» **WORK ITEM**: Each entry that follows should be given again word for word; please leave out its pictures.

[Short web captions]
=== Section Start ===
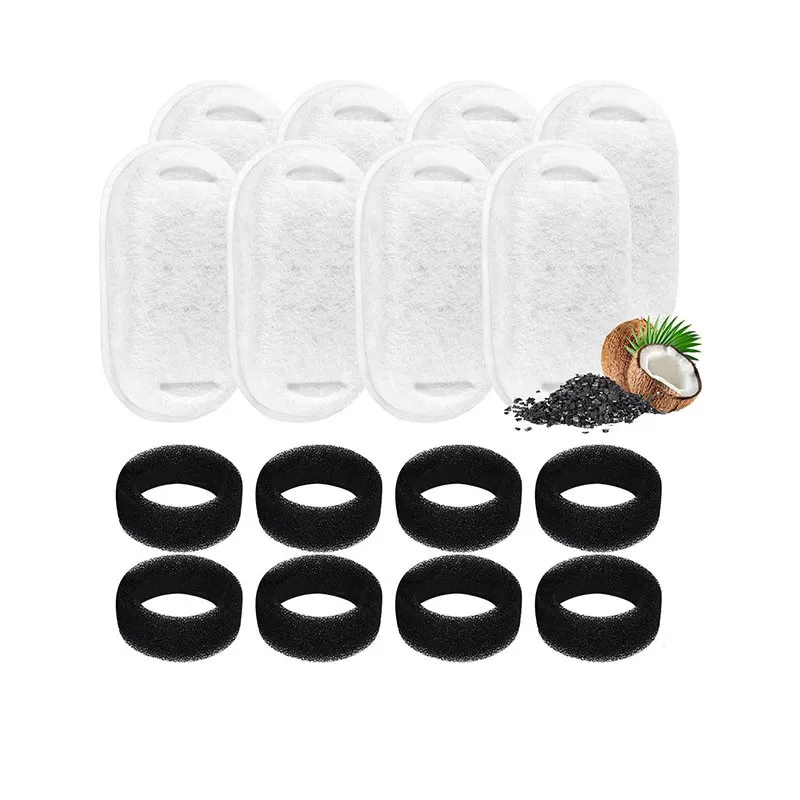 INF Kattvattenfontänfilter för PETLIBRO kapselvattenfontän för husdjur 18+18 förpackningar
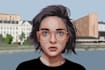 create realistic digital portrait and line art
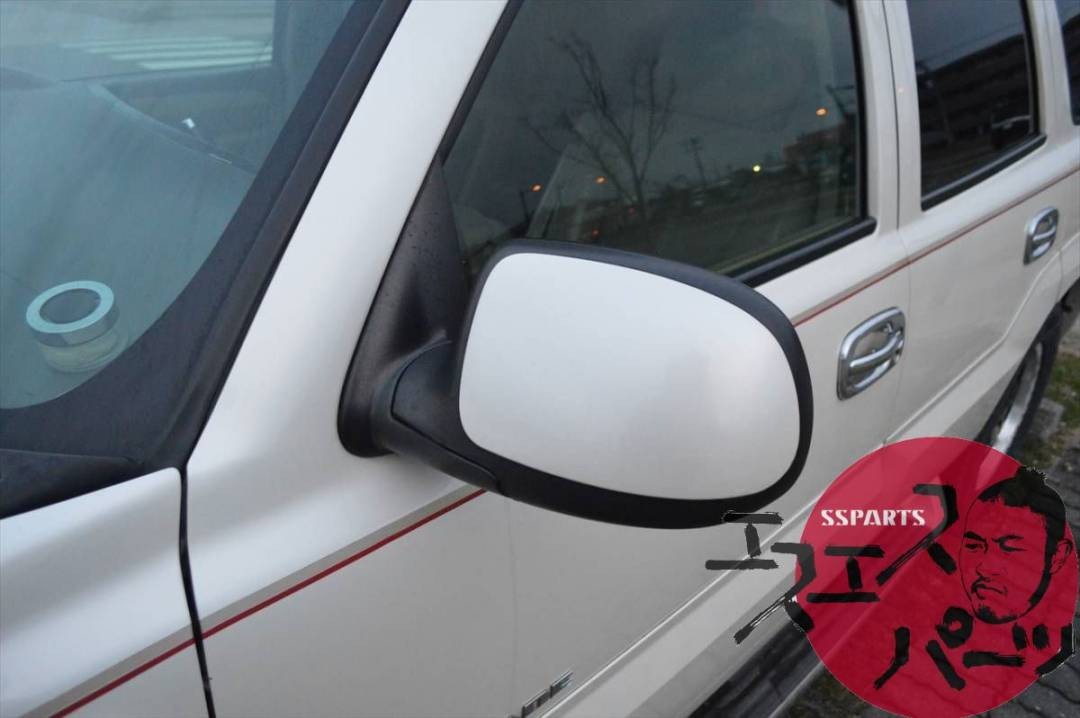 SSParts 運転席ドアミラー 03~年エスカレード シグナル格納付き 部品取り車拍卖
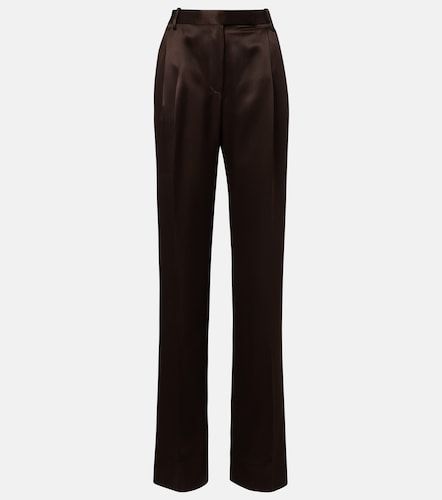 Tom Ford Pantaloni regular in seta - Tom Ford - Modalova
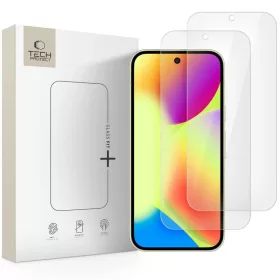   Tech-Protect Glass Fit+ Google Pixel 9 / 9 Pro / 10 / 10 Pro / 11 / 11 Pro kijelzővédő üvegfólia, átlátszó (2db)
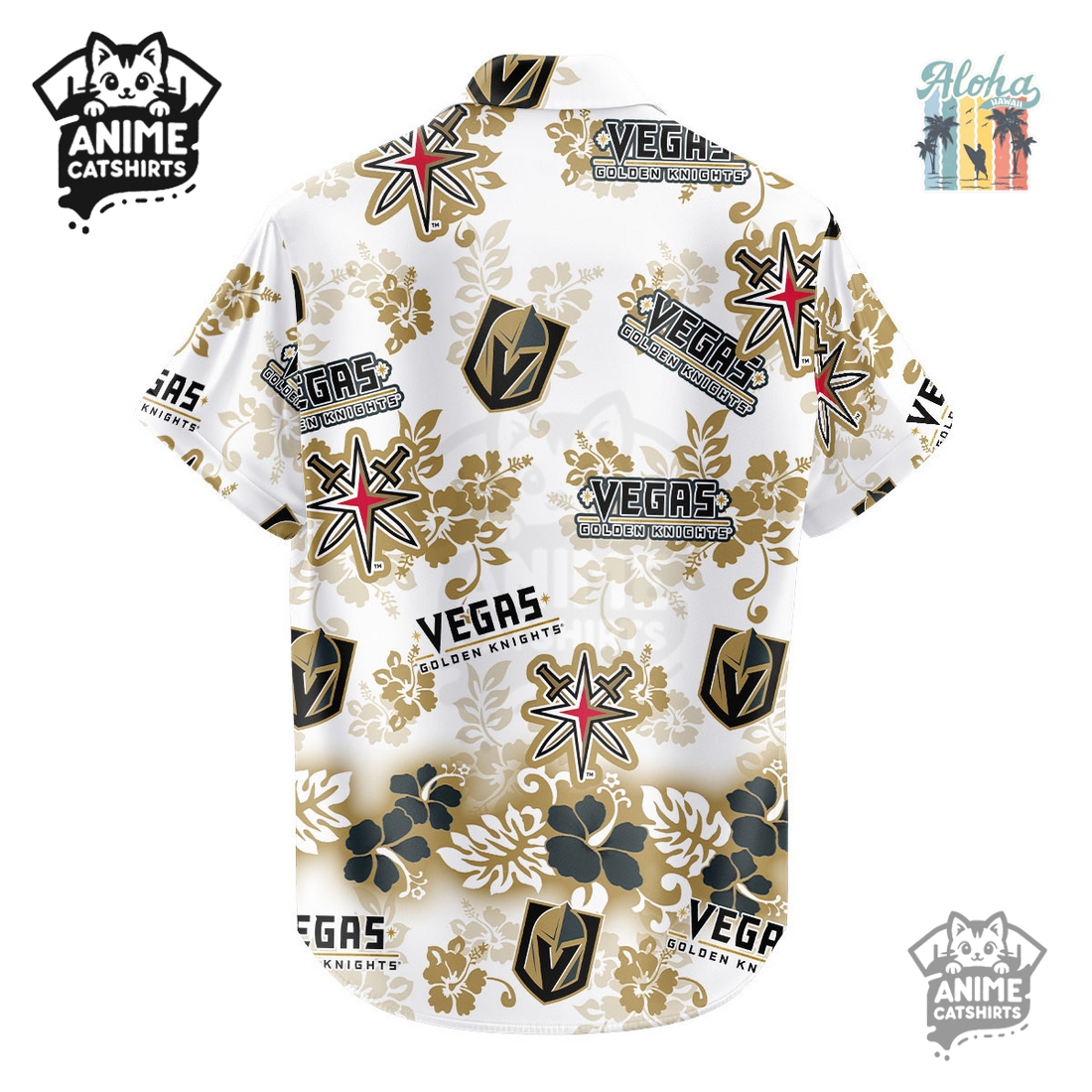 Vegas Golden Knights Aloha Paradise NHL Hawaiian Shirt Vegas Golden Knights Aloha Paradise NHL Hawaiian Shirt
=== Section End ===
» **RESPONSE**:
 INF Kattvattenfontänfilter för PETLIBRO kapselvattenfontän för husdjur 18+18 förpackningar
 create realistic digital portrait and line art
 SSParts 運転席ドアミラー 03~年エスカレード シグナル格納付き 部品取り車拍卖
 Tom Ford Pantaloni regular in seta - Tom Ford - Modalova
   Tech-Protect Glass Fit+ Google Pixel 9 / 9 Pro / 10 / 10 Pro / 11 / 11 Pro kijelzővédő üvegfólia, átlátszó (2db)
 Vegas Golden Knights Aloha Paradise NHL Hawaiian Shirt Vegas Golden Knights Aloha Paradise NHL Hawaiian Shirt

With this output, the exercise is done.